How to manage C-suite expectations while integrating AI solutions

How to manage C-suite expectations while integrating AI solutions

Understanding the different applications of AI, identifying clear use cases and setting realistic timelines are crucial elements of a successful AI strategy, says Yohan Lobo, Senior Industry Solutions Manager, M-Files.

Up until recently, a problem faced by technical teams across industries has been winning the backing of the C-suite for AI projects, with executives often put off by high initial costs without a clear roadmap to ROI.

However, AI has quickly become a status symbol that signifies a firm’s technical sophistication. Management teams are now desperate to integrate AI solutions to prove they are ahead of the times and, crucially, ahead of competitors.

Recent research by Cisco revealed that 97% of CEOs are planning AI integration – but fewer than 2% feel fully prepared.

This raises a big question: are business leaders pursuing AI for AI’s sake, without fully considering how this technology can best drive positive change within their organisation?

Artificial intelligence is more than just GenAI

GenAI has captured the imaginations of businesses on a global scale, but there are a myriad of AI tools we’ve been using for years that have received nowhere near the same level of acclaim.

The primary benefit of AI is to automate processes and reduce the burden of administrative work, with traditional AI focused on performing singular tasks with optimal efficiency. For example, this technology can automate permissions on files, ensuring any information end-users are not allowed to see remains undisclosed.

While AI is the umbrella term, GenAI more specifically is able to function beyond a defined subset of rules, processing inputs to formulate original content. A common use case of GenAI is natural language assistants, which support users with finding information, summarising documents, and even performing translations.

Recognising the importance of GenAI solutions, without becoming consumed by this technology, is an important element of the AI roadmap. AI tools that enable automation and boost efficiency – without the bells and whistles of GenAI innovations – can be just as valuable, so it’s important to present the full spectrum of AI’s capabilities to the C-suite.

Use cases are key

Management teams typically have a broad interest in the general concept of AI integration, with their vision less concerned with the specifics of an implementation strategy.
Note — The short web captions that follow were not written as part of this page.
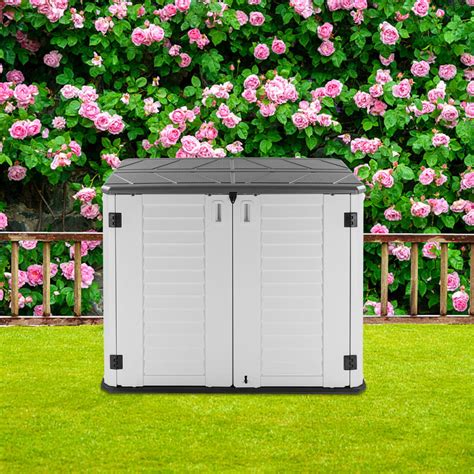 kepooman outdoor storage box plastic  gallon patio garden furniture easy  clean white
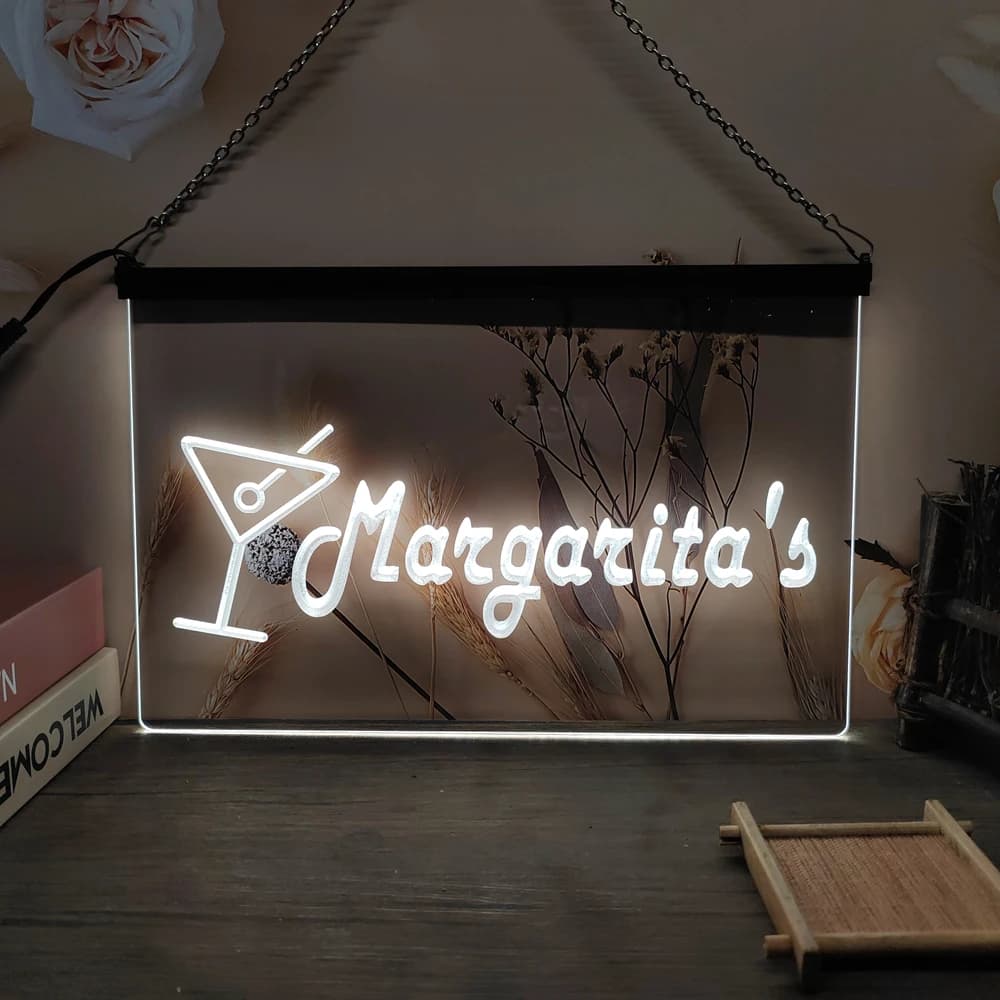 Insegna al Neon LED 'Margarita Margaritas Cocktails' - Arte Murale 3D Intagliata per Casa, Stanza, Camera da Letto, Ufficio, Arredamento Rustico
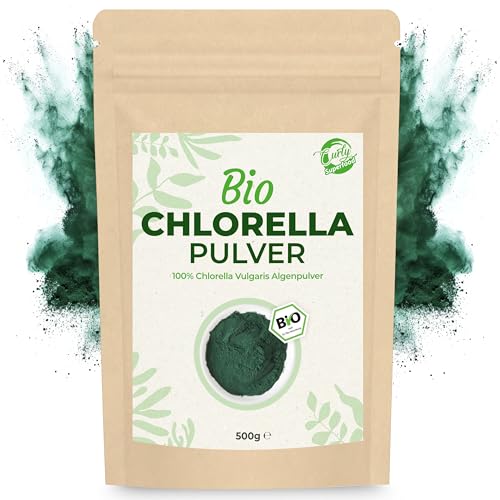 Curly Superfood Chlorella Pulver Bio 500g - 100% naturreine Rohkost-Qualität aus kontrolliert biologischem Anbau ohne Zusätze - Feines Chlorella Bio Pulver für Smoothies, Säfte & Wasser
Therefore, it’s frequently the teams tasked with AI’s deployment who are responsible for conceptualising the overarching goals of a project.

A tried and tested starting point is to ask the question: what can this technology actually do to improve the performance of the business? The answer centres on identifying tangible use cases that will become the bedrock of successful integration.

To ensure that the implementation phase is focused on activity that will add genuine value, an effective approach is to begin by fully understanding the challenges or opportunities the firm wants to address. This means looking for the problems or objectives first then developing the tech to meet these targets, rather than the other way around.

A tool with no tangible value can become an obstacle for future transformation using the same technology, so establishing a clear purpose for all AI endeavours is the only way to earn approval from both management teams and employees.

Where companies will encounter difficulties is if they try to run before they walk. Starting small and prioritising the low hanging fruit − before transitioning to more complex issues − increases confidence, generates good news stories and builds momentum. A steady stream of positive insight will keep senior leaders onboard, increasing the chances they will give their backing to future projects.

Set realistic timelines

To deliver an effective AI strategy, firms should draw together a detailed roadmap that clearly outlines the end goal of the project, how this will be achieved, and how long this will take.
Whether a team is collaborating with external partners or developing an AI tool from scratch, these processes take time and there will inevitably be initial problems in getting AI solutions up and running. This is why it’s essential to communicate with the C-suite and help them understand AI implementation is a long-term process.

The practical exercise of integration is often a case of trial and error, so it’s important not to panic if tools don’t perform exactly as intended from the outset. This may involve working with vendors and seeing how they can tailor solutions to suit the requirements of the business or performing extensive testing on internal tools so that they are only rolled out once they are absolutely ready.

When the time comes to introduce solutions to the wider workforce, company-wide training on how these offerings can be used to improve efficiency is essential. AI will remain unused if employees cannot conceptualise how this technology will increase the speed and accuracy with which they work, so taking time to communicate the potential uses is a worthwhile investment.

Achieving success in an evolving business landscape

The narrative has flipped on its head: AI is now a must-have in the eyes of leadership teams, not simply an added bonus. Enthusiasm must be coupled with pragmatism to ensure success, with a firm objective at the end of a project always the priority.

Ultimately, the overarching direction must come from development teams themselves. Ensuring that the C-suite is kept up to date with plans for the AI journey is the only way they will understand the balancing act at play, with tangible use cases the simplest way to convey the benefits.